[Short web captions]

------------------------

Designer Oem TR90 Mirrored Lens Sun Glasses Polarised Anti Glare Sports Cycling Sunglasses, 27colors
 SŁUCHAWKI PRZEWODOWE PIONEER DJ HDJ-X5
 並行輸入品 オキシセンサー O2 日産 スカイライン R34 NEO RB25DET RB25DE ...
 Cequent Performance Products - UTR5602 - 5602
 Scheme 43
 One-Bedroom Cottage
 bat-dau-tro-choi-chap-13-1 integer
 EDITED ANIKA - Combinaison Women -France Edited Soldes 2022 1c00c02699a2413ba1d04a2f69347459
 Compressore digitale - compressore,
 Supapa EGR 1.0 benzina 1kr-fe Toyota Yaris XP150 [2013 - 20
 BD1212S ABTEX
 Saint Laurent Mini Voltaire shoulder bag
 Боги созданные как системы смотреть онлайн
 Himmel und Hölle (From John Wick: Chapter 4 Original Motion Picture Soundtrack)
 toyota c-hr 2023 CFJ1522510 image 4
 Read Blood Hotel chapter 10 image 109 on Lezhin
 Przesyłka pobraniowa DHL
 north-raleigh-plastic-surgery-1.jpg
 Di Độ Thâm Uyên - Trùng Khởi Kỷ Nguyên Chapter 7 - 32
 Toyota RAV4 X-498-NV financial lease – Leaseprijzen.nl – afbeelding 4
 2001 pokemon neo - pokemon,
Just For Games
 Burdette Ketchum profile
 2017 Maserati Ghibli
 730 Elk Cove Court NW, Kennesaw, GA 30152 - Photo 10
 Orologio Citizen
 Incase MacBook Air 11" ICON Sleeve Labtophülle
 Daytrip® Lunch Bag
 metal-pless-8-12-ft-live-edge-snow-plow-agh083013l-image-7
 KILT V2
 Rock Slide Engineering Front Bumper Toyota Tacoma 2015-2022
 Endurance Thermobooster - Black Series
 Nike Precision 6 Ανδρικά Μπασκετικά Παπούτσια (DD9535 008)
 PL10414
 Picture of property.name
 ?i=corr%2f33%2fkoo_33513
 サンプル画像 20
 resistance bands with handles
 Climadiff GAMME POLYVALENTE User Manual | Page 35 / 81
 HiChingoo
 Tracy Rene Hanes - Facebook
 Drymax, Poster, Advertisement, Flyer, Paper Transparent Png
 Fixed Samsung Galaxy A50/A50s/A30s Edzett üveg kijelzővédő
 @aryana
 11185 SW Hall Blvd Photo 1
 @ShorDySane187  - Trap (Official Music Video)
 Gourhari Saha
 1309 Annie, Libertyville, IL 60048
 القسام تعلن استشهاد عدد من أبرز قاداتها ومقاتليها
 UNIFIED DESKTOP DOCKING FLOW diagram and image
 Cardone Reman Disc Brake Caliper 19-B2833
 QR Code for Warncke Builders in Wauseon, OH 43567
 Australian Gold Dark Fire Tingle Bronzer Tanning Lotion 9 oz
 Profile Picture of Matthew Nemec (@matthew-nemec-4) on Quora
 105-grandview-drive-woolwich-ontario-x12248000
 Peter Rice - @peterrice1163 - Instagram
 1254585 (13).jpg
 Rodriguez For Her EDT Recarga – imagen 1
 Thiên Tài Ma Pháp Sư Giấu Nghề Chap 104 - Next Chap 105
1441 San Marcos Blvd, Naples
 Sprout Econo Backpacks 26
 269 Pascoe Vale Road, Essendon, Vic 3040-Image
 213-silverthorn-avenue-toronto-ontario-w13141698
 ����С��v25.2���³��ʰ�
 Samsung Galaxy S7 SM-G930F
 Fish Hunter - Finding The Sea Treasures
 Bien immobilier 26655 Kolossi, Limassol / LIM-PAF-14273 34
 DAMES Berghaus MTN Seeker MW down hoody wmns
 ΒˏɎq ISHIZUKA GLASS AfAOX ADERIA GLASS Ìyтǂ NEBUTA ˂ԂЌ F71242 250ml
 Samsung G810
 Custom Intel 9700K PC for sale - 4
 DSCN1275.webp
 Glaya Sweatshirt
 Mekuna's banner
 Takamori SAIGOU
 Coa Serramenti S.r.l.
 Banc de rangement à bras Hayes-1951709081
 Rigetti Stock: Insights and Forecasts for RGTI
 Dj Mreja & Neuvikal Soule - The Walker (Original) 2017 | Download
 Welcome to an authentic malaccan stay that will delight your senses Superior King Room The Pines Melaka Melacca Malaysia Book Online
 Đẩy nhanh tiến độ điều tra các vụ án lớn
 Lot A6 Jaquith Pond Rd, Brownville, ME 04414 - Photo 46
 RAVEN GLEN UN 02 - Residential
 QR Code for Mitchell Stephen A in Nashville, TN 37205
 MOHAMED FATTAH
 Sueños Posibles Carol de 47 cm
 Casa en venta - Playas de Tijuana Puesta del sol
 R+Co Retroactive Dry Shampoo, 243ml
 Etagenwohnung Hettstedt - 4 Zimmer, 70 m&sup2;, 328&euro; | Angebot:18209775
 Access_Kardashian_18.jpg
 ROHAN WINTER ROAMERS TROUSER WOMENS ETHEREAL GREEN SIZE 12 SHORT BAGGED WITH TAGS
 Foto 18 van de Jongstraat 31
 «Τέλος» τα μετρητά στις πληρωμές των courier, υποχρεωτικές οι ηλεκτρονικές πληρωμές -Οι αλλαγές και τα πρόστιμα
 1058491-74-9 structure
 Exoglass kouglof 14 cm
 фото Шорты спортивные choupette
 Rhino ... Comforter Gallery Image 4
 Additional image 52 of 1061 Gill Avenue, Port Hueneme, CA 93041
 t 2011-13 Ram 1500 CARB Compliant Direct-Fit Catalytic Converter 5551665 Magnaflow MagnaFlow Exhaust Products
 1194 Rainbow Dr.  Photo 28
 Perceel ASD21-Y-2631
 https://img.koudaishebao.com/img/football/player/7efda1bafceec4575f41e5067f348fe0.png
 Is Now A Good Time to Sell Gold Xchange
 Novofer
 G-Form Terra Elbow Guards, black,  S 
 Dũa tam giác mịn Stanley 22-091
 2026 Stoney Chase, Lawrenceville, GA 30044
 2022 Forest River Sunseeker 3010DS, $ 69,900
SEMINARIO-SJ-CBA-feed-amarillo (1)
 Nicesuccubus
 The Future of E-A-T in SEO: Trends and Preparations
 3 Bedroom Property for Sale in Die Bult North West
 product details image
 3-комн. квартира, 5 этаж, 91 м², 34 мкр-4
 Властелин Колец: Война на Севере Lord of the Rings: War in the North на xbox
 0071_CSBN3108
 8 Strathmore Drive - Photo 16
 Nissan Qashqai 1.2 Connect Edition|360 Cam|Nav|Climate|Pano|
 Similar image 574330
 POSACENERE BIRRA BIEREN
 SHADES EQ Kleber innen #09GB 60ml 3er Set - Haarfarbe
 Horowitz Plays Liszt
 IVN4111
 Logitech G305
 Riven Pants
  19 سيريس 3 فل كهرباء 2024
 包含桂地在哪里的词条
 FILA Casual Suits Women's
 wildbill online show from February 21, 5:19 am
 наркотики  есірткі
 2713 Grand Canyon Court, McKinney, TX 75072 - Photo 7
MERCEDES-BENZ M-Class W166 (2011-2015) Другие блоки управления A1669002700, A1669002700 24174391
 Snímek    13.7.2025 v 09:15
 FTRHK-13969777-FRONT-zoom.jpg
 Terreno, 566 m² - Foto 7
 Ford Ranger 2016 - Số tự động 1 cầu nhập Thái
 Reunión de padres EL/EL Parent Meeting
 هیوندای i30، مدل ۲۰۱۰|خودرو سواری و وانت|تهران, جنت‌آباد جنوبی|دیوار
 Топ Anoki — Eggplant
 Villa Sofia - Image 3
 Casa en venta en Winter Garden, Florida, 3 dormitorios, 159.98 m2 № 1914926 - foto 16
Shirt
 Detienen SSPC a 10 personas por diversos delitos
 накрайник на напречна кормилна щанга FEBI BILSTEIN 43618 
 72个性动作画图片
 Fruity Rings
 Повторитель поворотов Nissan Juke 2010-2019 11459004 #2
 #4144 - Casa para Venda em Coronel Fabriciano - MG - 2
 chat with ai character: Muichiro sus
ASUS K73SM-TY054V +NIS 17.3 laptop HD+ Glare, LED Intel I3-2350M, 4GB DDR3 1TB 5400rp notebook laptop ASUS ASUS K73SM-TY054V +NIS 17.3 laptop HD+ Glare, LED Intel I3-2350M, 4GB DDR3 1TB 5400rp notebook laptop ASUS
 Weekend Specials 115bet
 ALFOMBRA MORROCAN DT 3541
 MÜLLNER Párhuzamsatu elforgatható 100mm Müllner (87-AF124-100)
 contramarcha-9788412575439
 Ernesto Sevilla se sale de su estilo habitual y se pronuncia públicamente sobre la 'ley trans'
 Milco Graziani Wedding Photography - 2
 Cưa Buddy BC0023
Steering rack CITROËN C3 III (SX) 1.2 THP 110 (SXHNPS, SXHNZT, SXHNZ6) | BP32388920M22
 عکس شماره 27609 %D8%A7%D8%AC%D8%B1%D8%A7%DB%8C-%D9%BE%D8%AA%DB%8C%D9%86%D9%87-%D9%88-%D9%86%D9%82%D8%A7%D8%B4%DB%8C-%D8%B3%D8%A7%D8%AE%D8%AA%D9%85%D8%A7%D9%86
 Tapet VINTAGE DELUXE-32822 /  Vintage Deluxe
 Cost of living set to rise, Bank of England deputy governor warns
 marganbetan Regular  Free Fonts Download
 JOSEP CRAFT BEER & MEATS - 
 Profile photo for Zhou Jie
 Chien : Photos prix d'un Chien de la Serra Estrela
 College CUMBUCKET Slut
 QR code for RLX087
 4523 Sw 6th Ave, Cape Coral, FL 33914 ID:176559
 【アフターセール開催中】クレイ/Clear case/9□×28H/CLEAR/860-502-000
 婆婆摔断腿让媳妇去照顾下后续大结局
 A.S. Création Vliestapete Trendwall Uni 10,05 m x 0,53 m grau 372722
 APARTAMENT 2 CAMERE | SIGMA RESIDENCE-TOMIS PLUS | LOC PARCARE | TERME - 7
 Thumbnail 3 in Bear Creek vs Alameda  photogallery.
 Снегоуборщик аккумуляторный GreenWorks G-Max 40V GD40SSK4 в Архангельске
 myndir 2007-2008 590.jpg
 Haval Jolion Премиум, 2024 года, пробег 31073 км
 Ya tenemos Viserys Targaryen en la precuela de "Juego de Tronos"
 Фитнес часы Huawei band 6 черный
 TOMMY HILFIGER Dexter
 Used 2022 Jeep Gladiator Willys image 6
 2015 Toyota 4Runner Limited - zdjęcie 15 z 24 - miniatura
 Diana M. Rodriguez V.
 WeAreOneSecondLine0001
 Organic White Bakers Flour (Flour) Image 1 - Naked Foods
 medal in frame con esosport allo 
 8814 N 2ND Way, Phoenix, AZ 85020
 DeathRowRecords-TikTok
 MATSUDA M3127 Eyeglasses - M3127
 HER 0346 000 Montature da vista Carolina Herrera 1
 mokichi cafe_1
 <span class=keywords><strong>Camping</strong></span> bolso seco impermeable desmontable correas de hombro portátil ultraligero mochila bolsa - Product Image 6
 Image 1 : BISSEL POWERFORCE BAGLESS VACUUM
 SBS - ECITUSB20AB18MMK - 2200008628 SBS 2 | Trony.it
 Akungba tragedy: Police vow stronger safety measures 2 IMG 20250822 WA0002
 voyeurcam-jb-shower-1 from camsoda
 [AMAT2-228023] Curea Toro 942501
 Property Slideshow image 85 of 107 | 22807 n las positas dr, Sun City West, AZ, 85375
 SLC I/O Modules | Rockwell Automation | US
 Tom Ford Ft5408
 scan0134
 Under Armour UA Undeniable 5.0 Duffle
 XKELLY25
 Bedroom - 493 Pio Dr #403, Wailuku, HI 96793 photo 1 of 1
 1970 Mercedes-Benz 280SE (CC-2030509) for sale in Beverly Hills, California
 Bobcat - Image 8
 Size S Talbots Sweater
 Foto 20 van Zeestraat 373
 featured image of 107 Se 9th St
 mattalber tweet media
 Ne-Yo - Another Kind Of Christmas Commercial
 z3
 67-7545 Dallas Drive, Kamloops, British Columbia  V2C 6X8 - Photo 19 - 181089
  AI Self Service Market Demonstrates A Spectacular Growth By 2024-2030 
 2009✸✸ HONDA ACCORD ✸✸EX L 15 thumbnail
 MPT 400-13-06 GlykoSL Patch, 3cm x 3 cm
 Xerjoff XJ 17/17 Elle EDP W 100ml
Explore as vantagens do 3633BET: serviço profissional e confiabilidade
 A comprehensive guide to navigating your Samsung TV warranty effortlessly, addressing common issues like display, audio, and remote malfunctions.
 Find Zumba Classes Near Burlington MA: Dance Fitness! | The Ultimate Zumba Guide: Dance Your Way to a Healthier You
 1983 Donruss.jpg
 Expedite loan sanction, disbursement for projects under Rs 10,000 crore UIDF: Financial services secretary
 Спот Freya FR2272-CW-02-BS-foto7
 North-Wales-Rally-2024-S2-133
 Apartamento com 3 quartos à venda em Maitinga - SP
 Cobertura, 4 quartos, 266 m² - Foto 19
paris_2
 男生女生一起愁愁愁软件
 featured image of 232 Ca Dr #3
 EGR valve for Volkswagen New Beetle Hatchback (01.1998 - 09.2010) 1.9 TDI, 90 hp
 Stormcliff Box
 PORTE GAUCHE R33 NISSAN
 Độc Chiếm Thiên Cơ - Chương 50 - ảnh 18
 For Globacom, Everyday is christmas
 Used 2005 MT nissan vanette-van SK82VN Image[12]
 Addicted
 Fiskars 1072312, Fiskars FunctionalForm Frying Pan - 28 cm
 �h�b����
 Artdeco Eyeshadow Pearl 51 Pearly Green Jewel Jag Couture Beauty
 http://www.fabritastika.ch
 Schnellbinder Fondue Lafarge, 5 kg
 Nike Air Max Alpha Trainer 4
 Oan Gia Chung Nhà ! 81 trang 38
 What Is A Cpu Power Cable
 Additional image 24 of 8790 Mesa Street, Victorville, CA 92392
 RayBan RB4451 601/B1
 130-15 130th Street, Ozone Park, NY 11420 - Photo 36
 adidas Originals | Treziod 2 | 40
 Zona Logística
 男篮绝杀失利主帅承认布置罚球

------------------------

* _Task goal_
Only one stretch of the records above is wanted: the lines between the one holding "Nissan Qashqai 1.2" and the one holding "Villa Sofia - Image 3", inclusive, reproduced exactly.

* _Response to the exercise_
 Nissan Qashqai 1.2 Connect Edition|360 Cam|Nav|Climate|Pano|
 Similar image 574330
 POSACENERE BIRRA BIEREN
 SHADES EQ Kleber innen #09GB 60ml 3er Set - Haarfarbe
 Horowitz Plays Liszt
 IVN4111
 Logitech G305
 Riven Pants
  19 سيريس 3 فل كهرباء 2024
 包含桂地在哪里的词条
 FILA Casual Suits Women's
 wildbill online show from February 21, 5:19 am
 наркотики  есірткі
 2713 Grand Canyon Court, McKinney, TX 75072 - Photo 7
MERCEDES-BENZ M-Class W166 (2011-2015) Другие блоки управления A1669002700, A1669002700 24174391
 Snímek    13.7.2025 v 09:15
 FTRHK-13969777-FRONT-zoom.jpg
 Terreno, 566 m² - Foto 7
 Ford Ranger 2016 - Số tự động 1 cầu nhập Thái
 Reunión de padres EL/EL Parent Meeting
 هیوندای i30، مدل ۲۰۱۰|خودرو سواری و وانت|تهران, جنت‌آباد جنوبی|دیوار
 Топ Anoki — Eggplant
 Villa Sofia - Image 3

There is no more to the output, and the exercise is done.